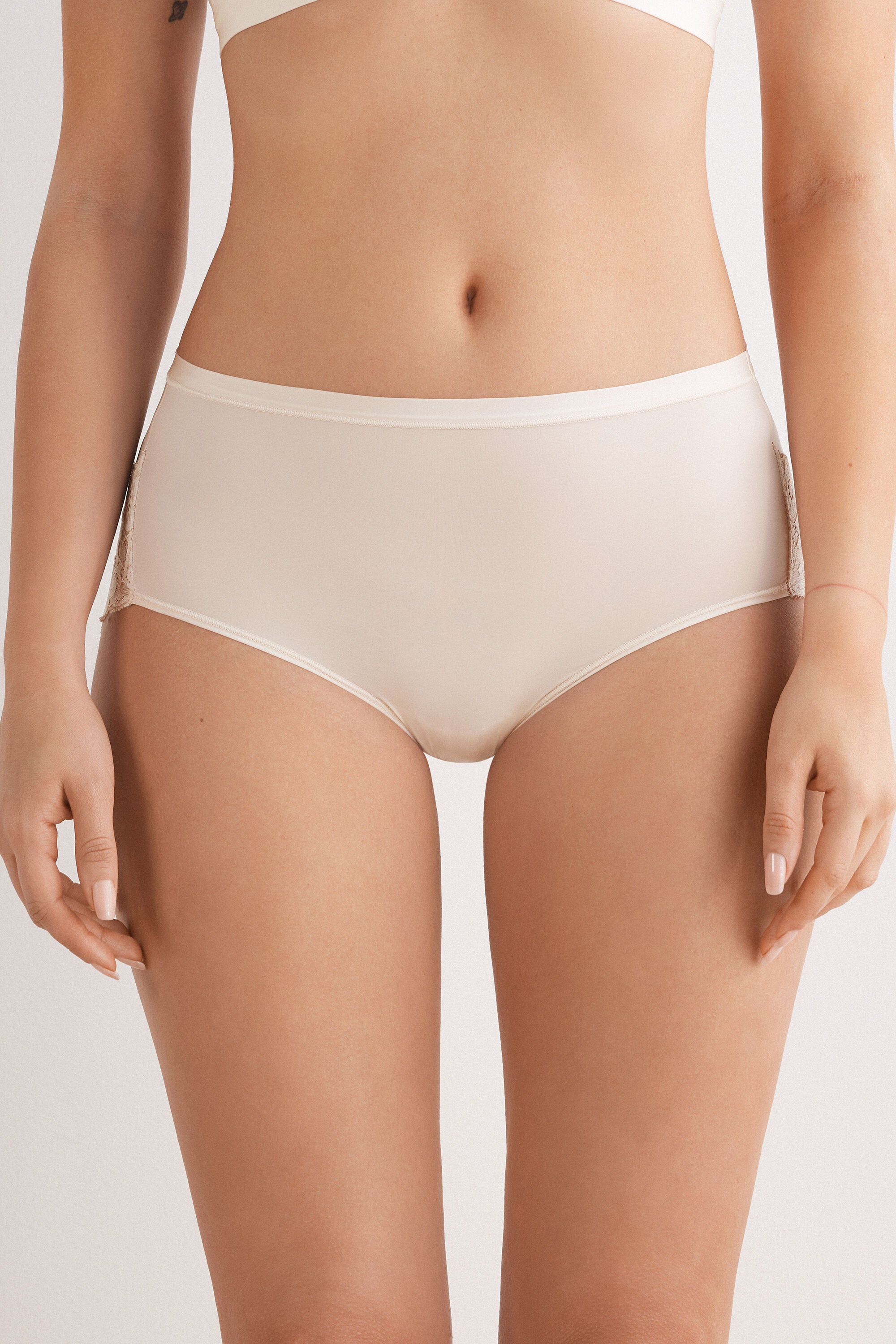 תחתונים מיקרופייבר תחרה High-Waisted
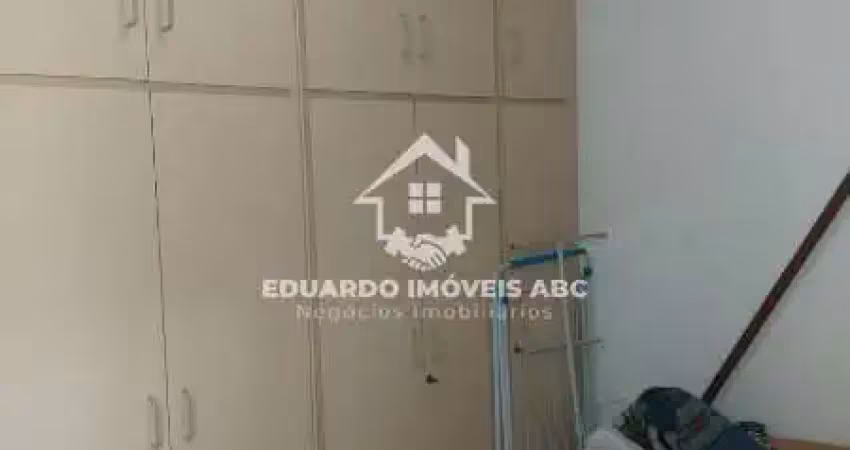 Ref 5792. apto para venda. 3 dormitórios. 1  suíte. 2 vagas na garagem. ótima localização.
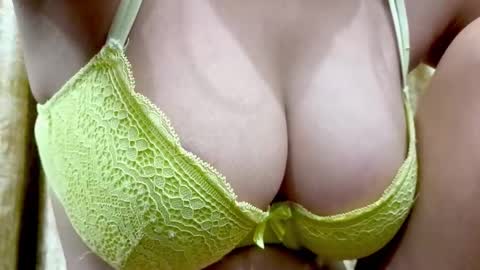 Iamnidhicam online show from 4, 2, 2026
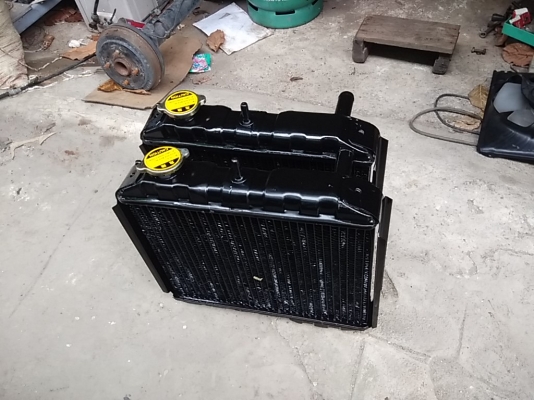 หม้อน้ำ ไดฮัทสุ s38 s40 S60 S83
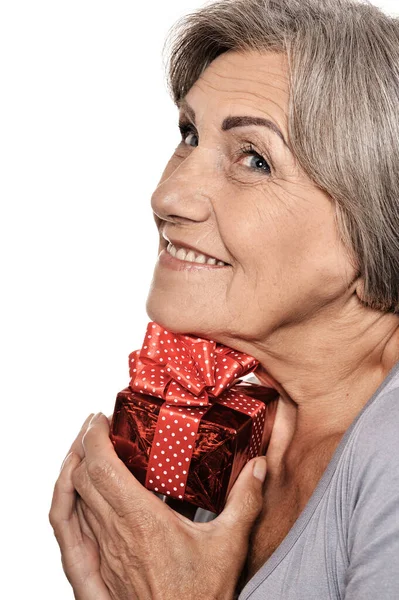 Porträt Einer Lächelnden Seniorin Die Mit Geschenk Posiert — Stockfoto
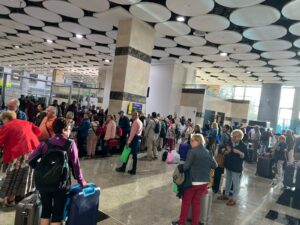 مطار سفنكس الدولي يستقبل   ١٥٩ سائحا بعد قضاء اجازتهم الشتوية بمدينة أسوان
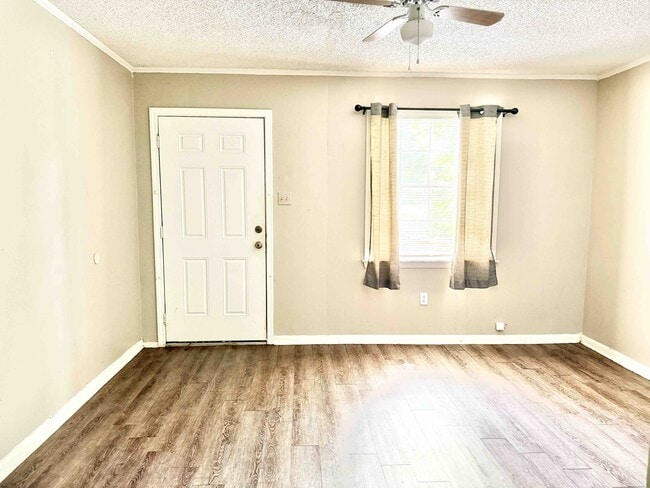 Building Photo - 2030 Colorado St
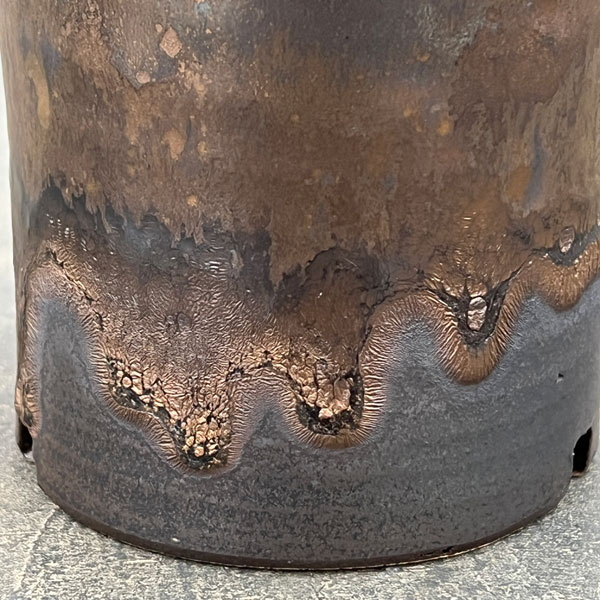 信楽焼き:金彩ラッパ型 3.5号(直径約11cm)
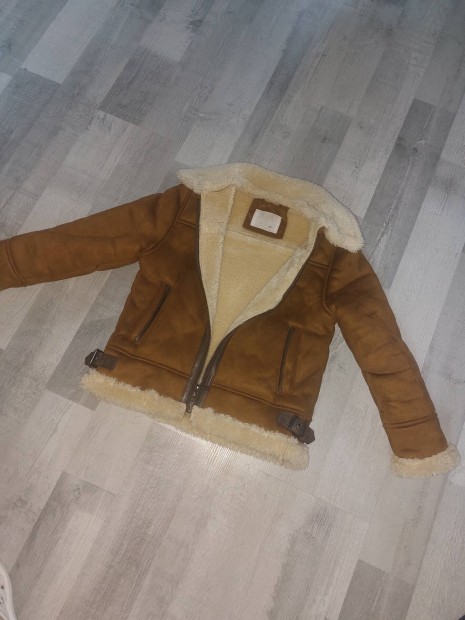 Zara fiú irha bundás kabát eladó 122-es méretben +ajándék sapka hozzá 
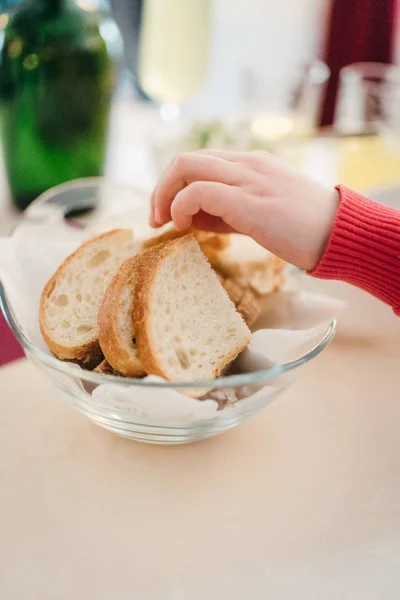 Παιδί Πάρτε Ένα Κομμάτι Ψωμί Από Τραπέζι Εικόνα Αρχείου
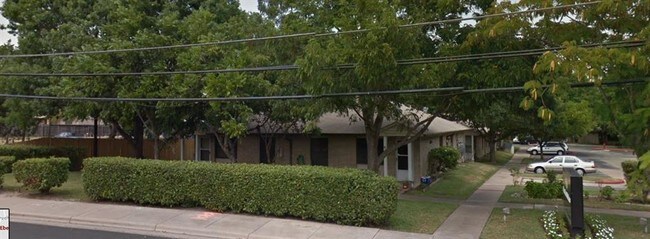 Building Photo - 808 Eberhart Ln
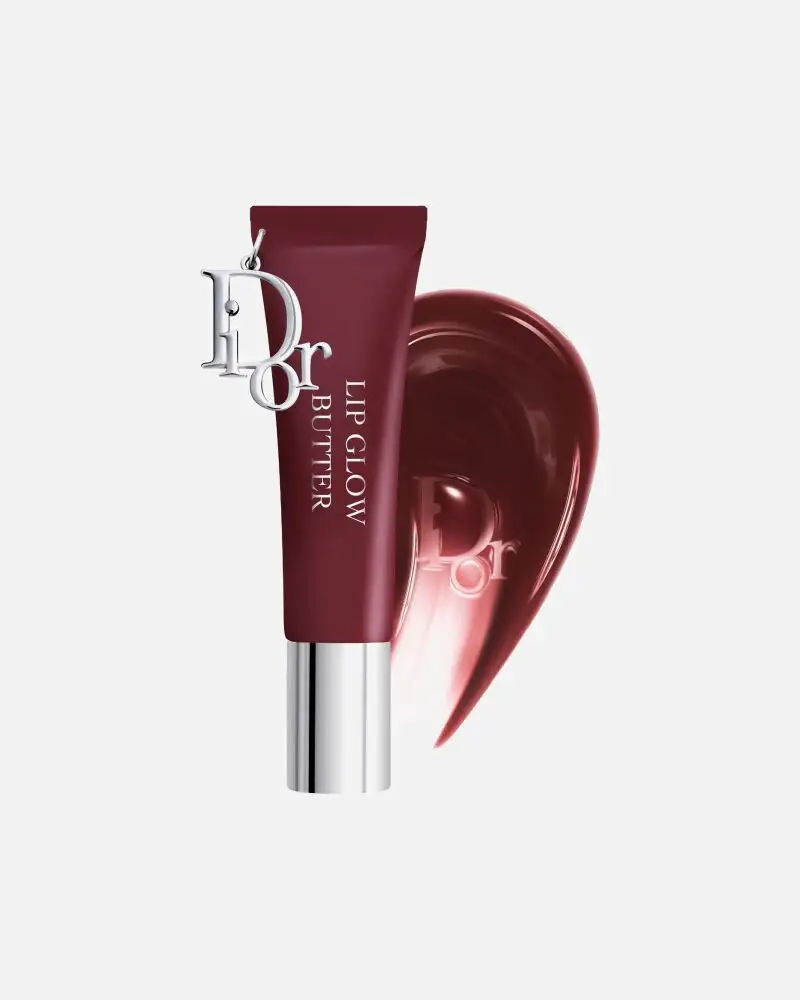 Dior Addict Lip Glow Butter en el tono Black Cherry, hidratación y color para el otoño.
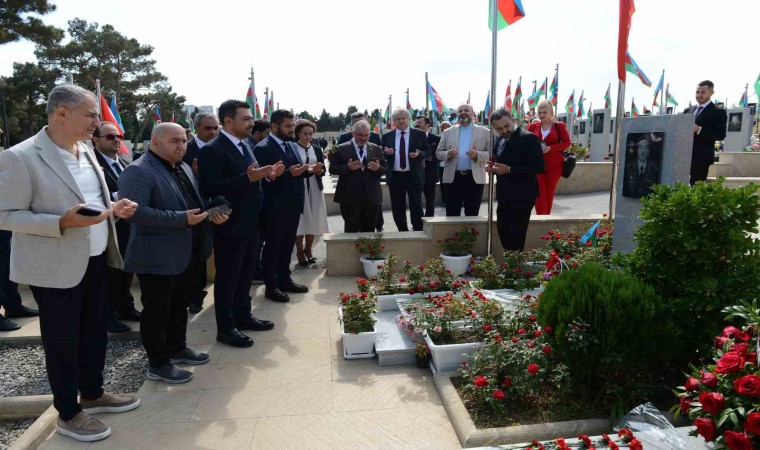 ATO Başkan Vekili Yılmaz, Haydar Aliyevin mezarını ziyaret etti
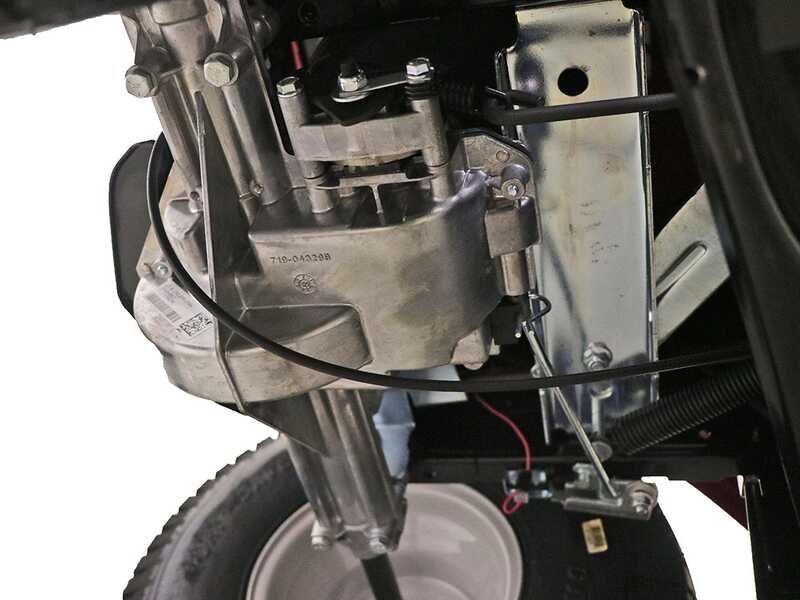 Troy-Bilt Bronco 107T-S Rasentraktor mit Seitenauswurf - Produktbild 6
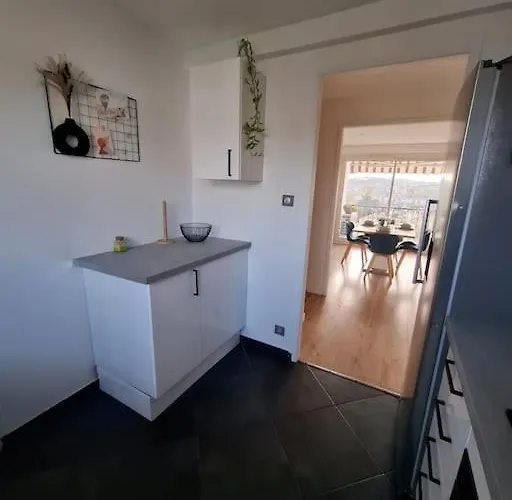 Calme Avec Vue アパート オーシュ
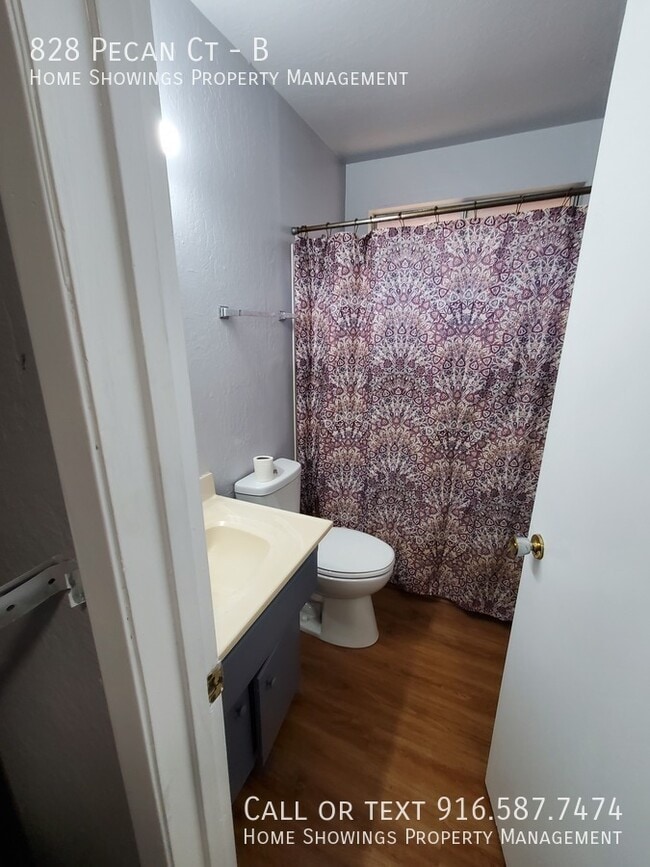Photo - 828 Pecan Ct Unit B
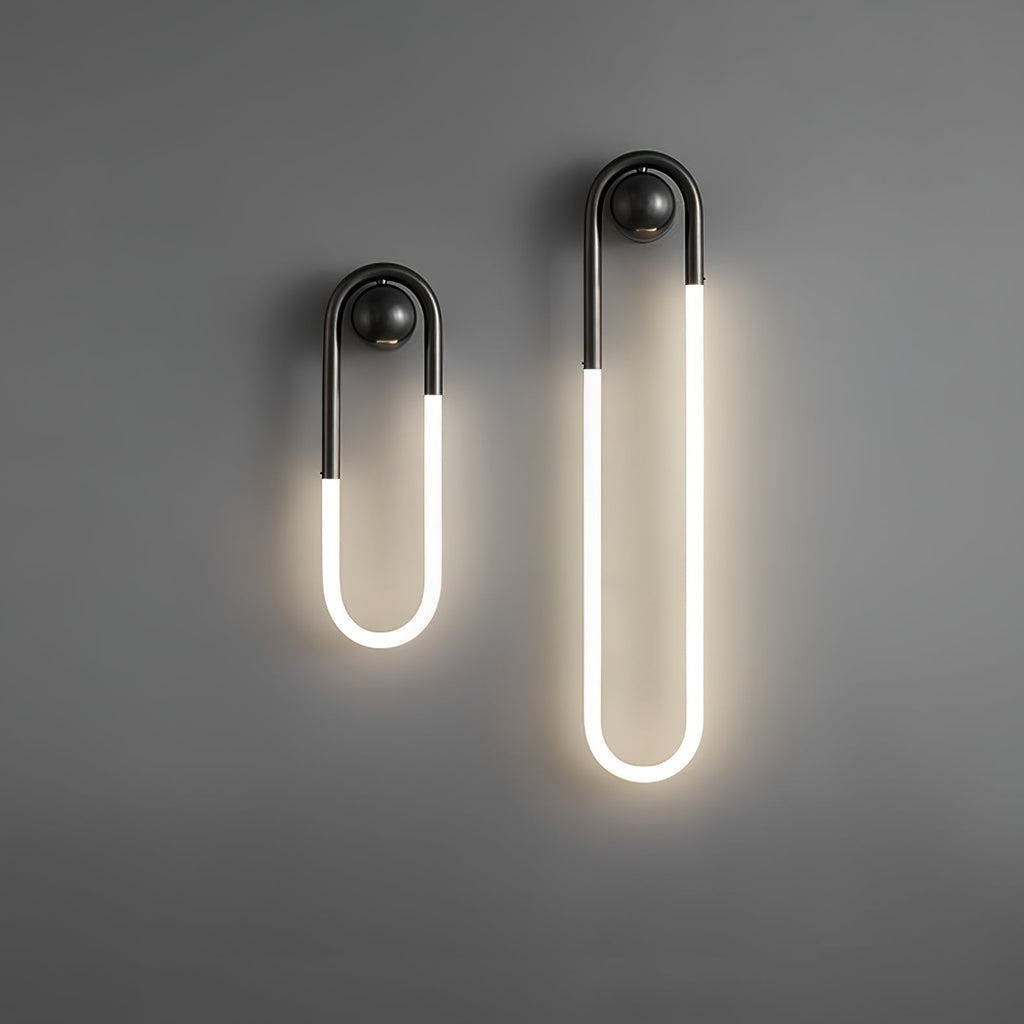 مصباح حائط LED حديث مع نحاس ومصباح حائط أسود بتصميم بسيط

++++++++

Take the lines from the one that contains "ATO Başkan Vekili" down to the last line of the listing above, both included, and set them down exactly, leaving out pictures.

 ATO Başkan Vekili Yılmaz, Haydar Aliyevin mezarını ziyaret etti
 Troy-Bilt Bronco 107T-S Rasentraktor mit Seitenauswurf - Produktbild 6
 Calme Avec Vue アパート オーシュ
Photo - 828 Pecan Ct Unit B
 مصباح حائط LED حديث مع نحاس ومصباح حائط أسود بتصميم بسيط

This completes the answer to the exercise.